• **ACTIVITY**: Without copying the images, write out all the entries below verbatim.

┌─ INFORMATION SUPPLIED

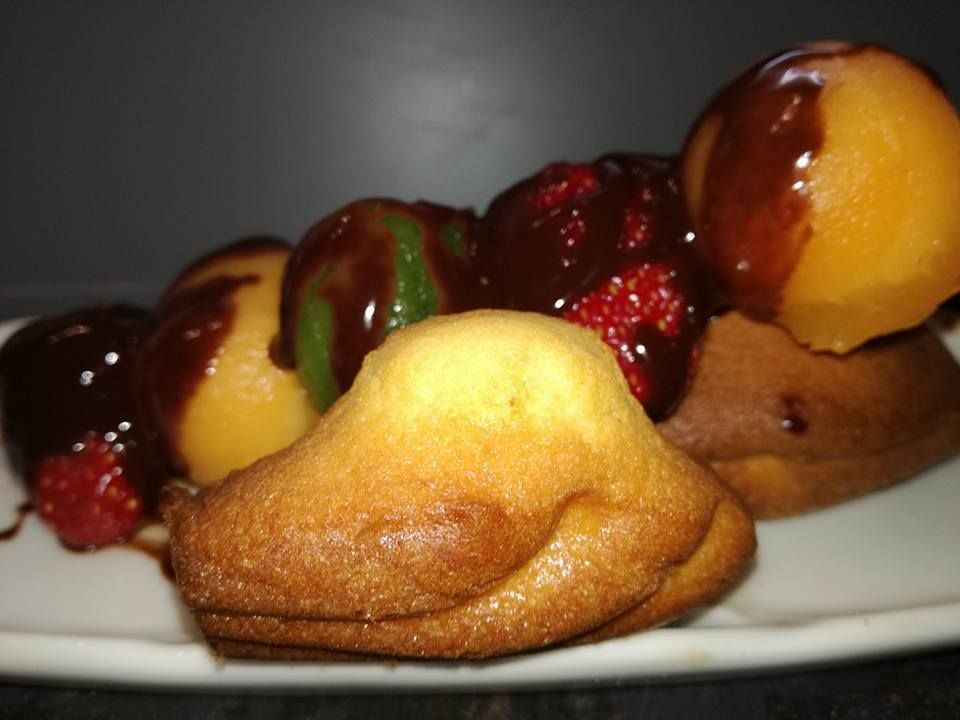 madeleines, madeleines, madeleines ,
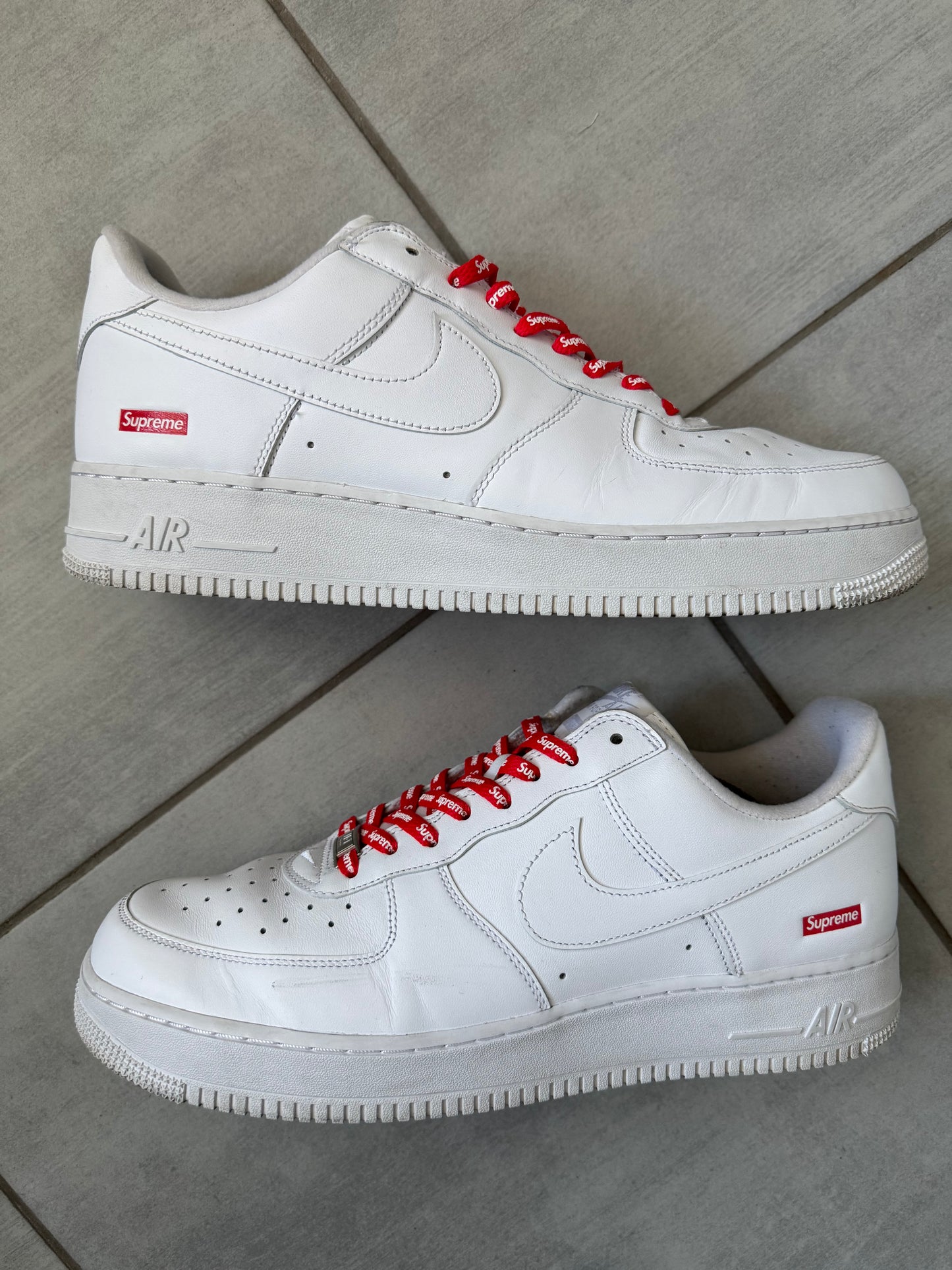 Nike Air Force 1 x Supreme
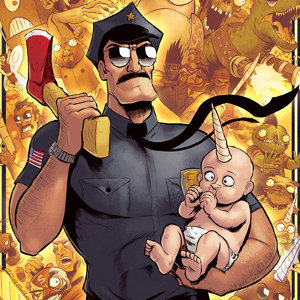 axe cop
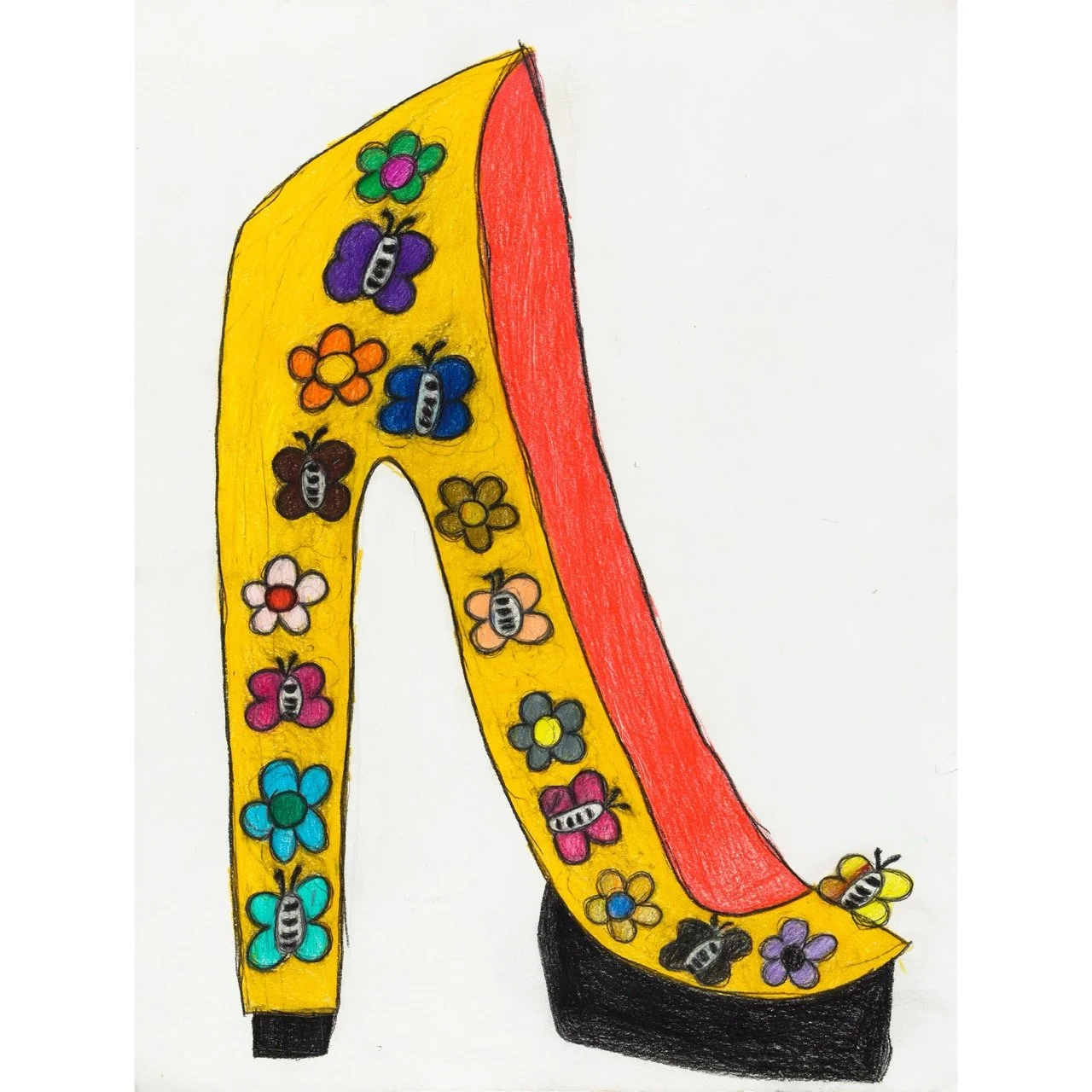 Butterfly Stiletto by Irene Rivas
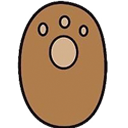 Grizzy Hand Webare — animal emoji for Slack & Discord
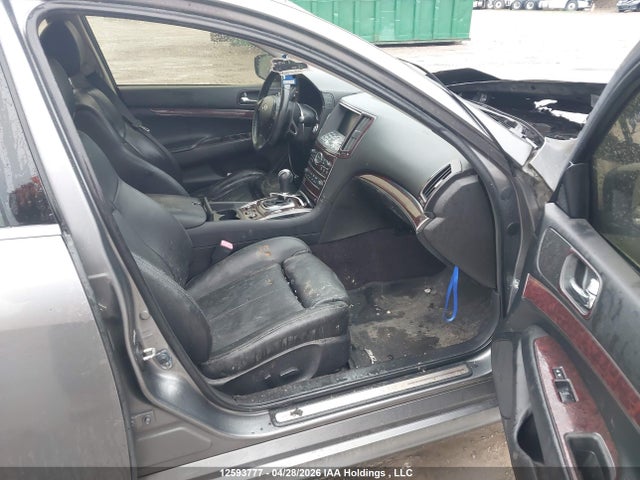 2012 Infiniti G37x მანქანა იყიდება აუქციონზე, vin: JN1CV6AR2CM676822, აუქციონის ნომერი: 12593777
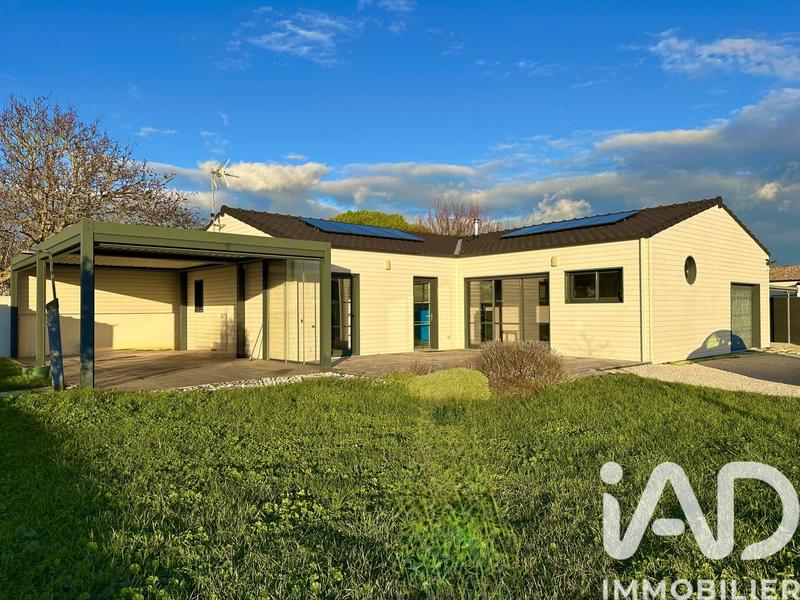 Maison - 112 m² - 4 pièces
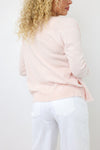 Minnie Rose Cotton Cashmere Frayed Cardi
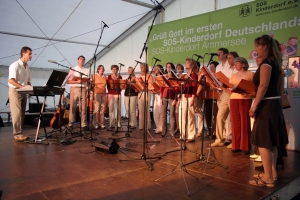 Chor Mosaik bei SOS-Kinderdorf 2006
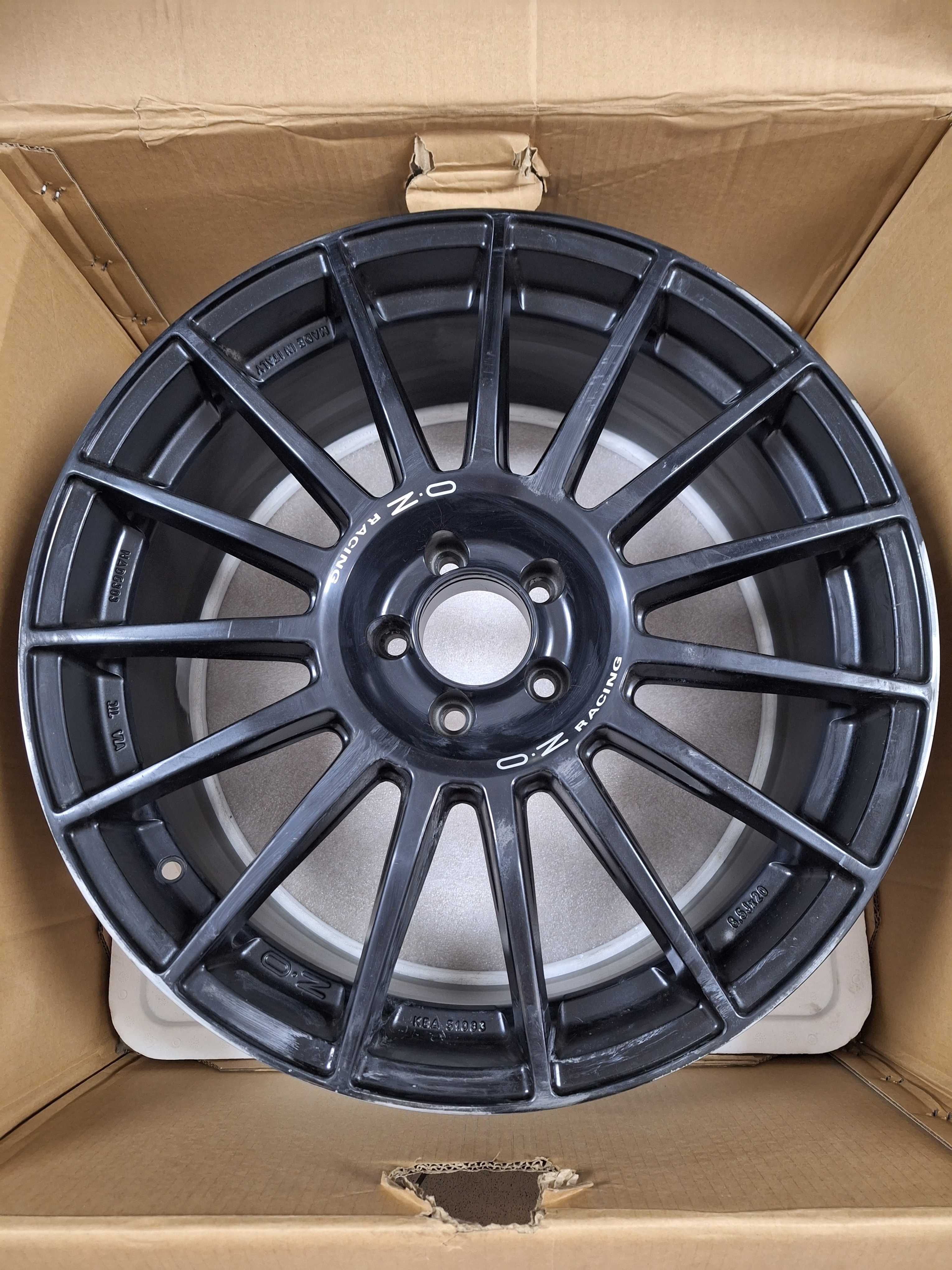 Felgi OZ SUPERTURISMO LM 20'', 8,5J, 5x112 ET30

└─

• **ANSWER TO THIS TASK**:
 madeleines, madeleines, madeleines ,
 Nike Air Force 1 x Supreme
 axe cop
 Butterfly Stiletto by Irene Rivas
 Grizzy Hand Webare — animal emoji for Slack & Discord
 2012 Infiniti G37x მანქანა იყიდება აუქციონზე, vin: JN1CV6AR2CM676822, აუქციონის ნომერი: 12593777
 Maison - 112 m² - 4 pièces
 Minnie Rose Cotton Cashmere Frayed Cardi
 Chor Mosaik bei SOS-Kinderdorf 2006
 Felgi OZ SUPERTURISMO LM 20'', 8,5J, 5x112 ET30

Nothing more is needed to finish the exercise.